Towards the end of the morning session the blue chip index was up five points at 5796.
Diageo, the owner of brands such as Guinness and Smirnoff vodka saw its shares lift 1.4 per cent following a better-than-expected seven per cent increase in operating profits. Peer Cadbury Schweppes rose 2.2 per cent in sympathy.
But the top flight index largely maintained the uncertainty of recent days.
Buy-to-let lender Bradford & Bingley, Britain’s ninth-biggest bank, saw its revelation of full-year results at the top end of expectations rewarded with a one per cent boost to its share price and further fuelled hopes that the lender could be promoted to the FTSE-100.
Also having an effect on the stockmarket was oil’s stay below dollars 60 a barrel, which boosted confidence in equities because it means lower energy costs for companies. However, the effect is partly muted on the Footsie, given its heavy weighting in oil and gas companies.
Also on the upside, Cairn Energy rose 0.5 per cent after investment bank Credit Suisse raised its investment rating on the stock to “outperform”. And a Morgan Stanley ratings upgrade for BAE Systems boosted its shares by 1.3 per cent.
Outside the top flight, BowLeven, the Edinburgh-based energy explorer saw its shares dip a further 0.5 per cent after announcing it has sacked its chief executive with immediate effect.
On the oil markets, prices hovered around the dollars 58.13 a barrel mark for US light crude – up 48 cents, while in London, Brent crude was trading up 35 cents at dollars 58.50 a barrel.
US prices have fallen to their lowest level since late December and analysts said dealers had been cashing in on gains in January, when prices headed towards dollars 70 amid strong investor fund buying and a series of supply disruptions.
Oil prices have fallen around 15 per cent since early January. Some analysts have predicted that crude prices will soon zoom towards the dollars 100 a barrel level.
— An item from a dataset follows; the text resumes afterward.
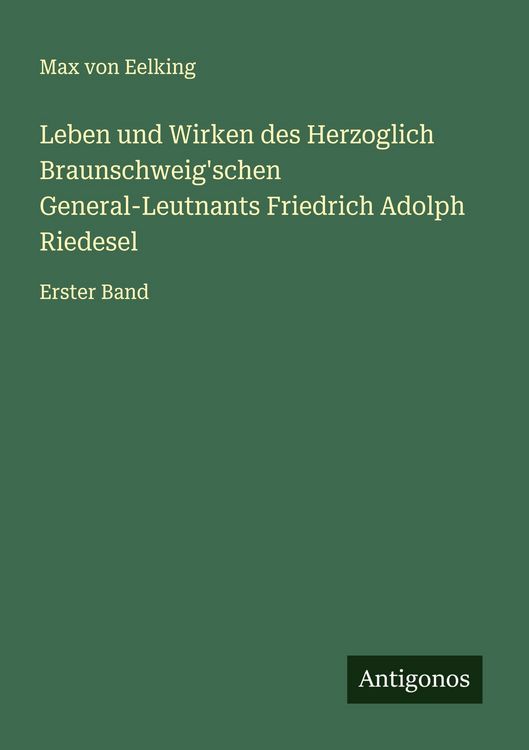 Produktbild: Leben und Wirken des Herzoglich Braunschweig'schen General-Leutnants Friedrich Adolph Riedesel
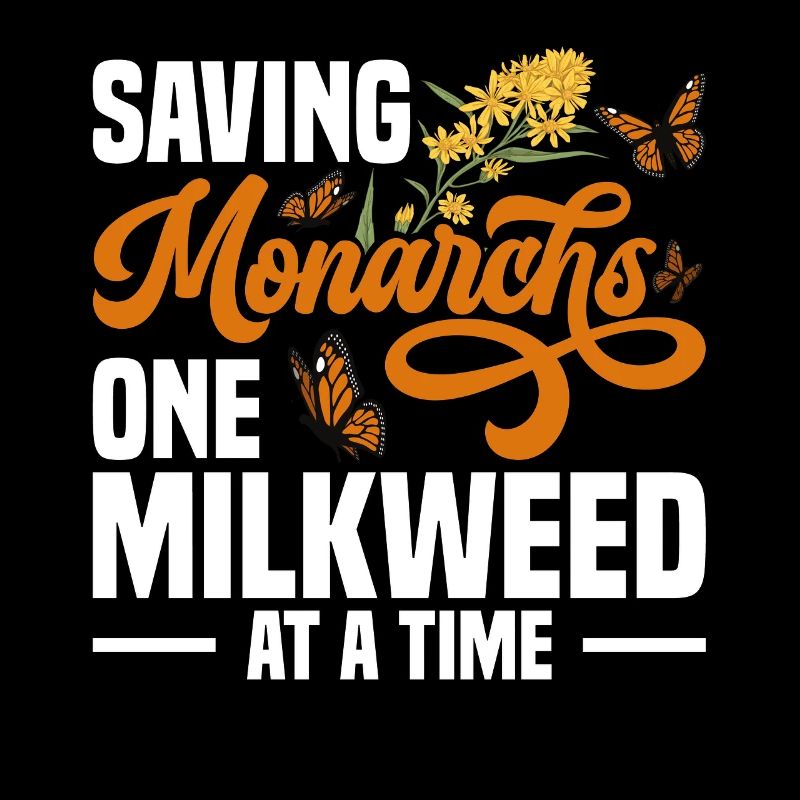 Saving monarchs one milkweed at a time Butterfly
“The recent falls have breached so many technical barriers, that it is hard to see where the new support level is.” said Lin Hui, senior analyst at China International Futures.
In a report, Barclay Capital said that although the twin issues of Iran’s nuclear ambitions and violence in Nigeria are temporarily off investors’ minds, there is increasing pessimism that these situations will be diplomatically resolved.
The Organisation of Petroleum Exporting Countries forecast yesterday that crude oil demand will grow at a slower pace this year as uncertainties remain over economic growth in the US and Asia.